(Beginning of Information supplied)

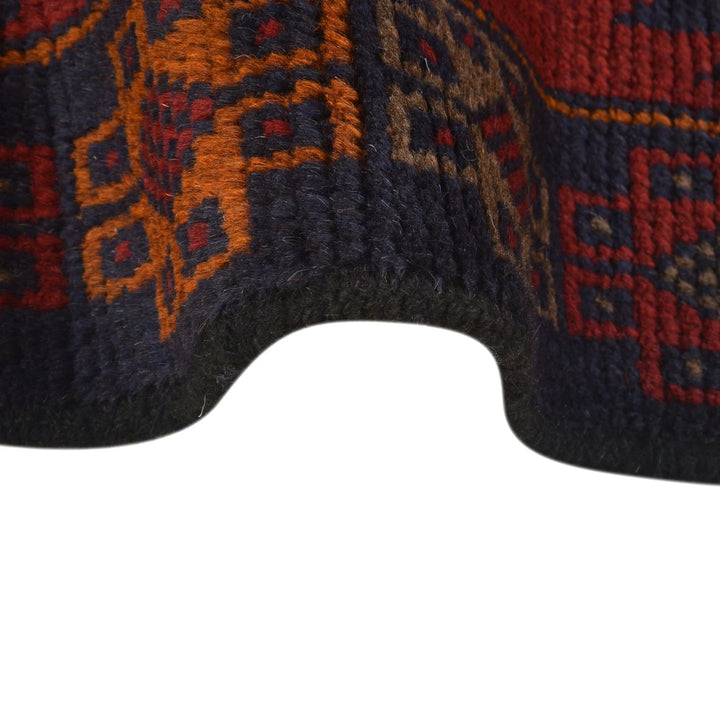 Red Afghan Baluchi Rug 3' 8" x 5' 7" Hand-Knotted | No. AL16314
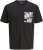 Jack & Jones Split Pocket Print T-Shirt Black - Kratke Majice - Moške kratke majice za močnejše postave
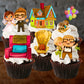 UP Themed Edible Cupcake Toppers on chocolate cupcakes with white frosting 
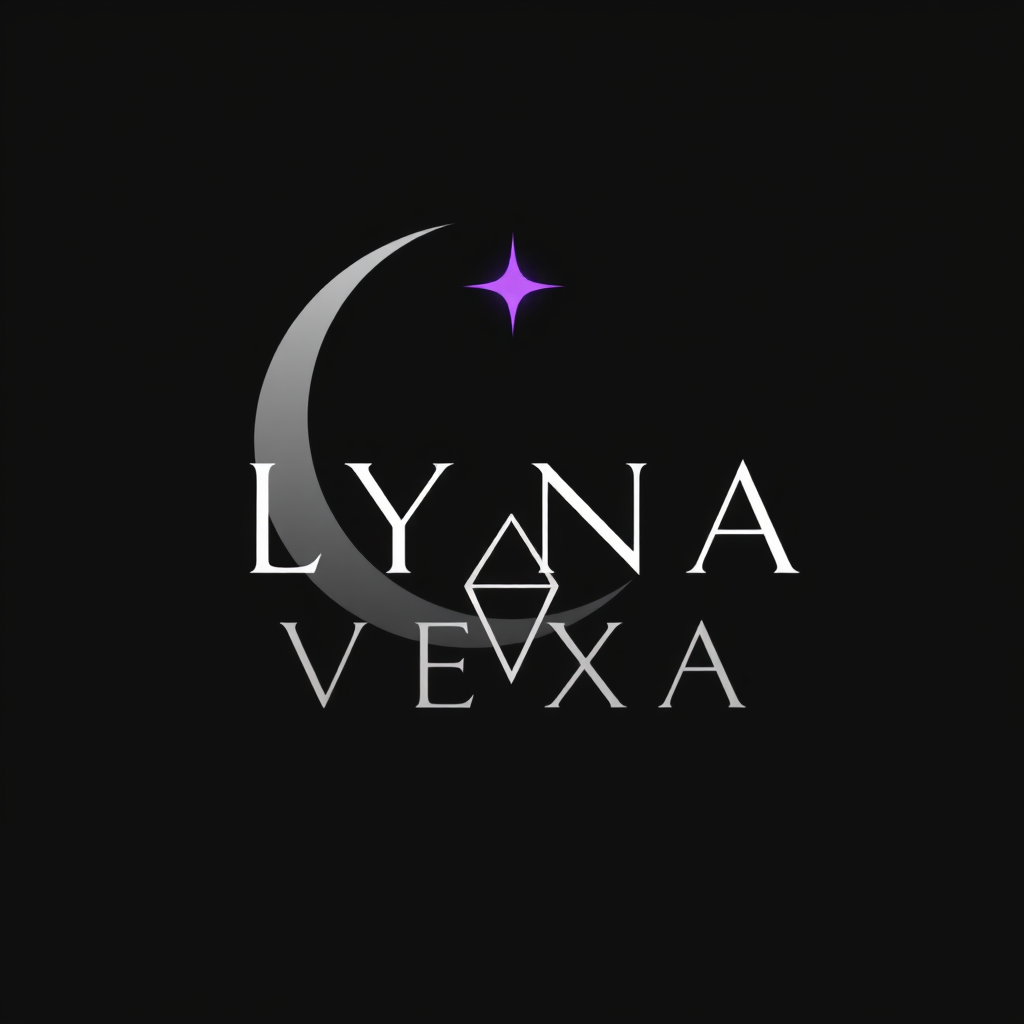Main logo studio: LYNA VEXA — black cosmic logo, elegant silver crescent moon, tiny glowing violet star, subtle mystical symbol hidden in the V and X, sleek futuristic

(End of Information supplied)

### Problem:
Return the whole listing exactly, minus its pictures.

### Task solution:
 Red Afghan Baluchi Rug 3' 8" x 5' 7" Hand-Knotted | No. AL16314
 Jack & Jones Split Pocket Print T-Shirt Black - Kratke Majice - Moške kratke majice za močnejše postave
 UP Themed Edible Cupcake Toppers on chocolate cupcakes with white frosting 
Main logo studio: LYNA VEXA — black cosmic logo, elegant silver crescent moon, tiny glowing violet star, subtle mystical symbol hidden in the V and X, sleek futuristic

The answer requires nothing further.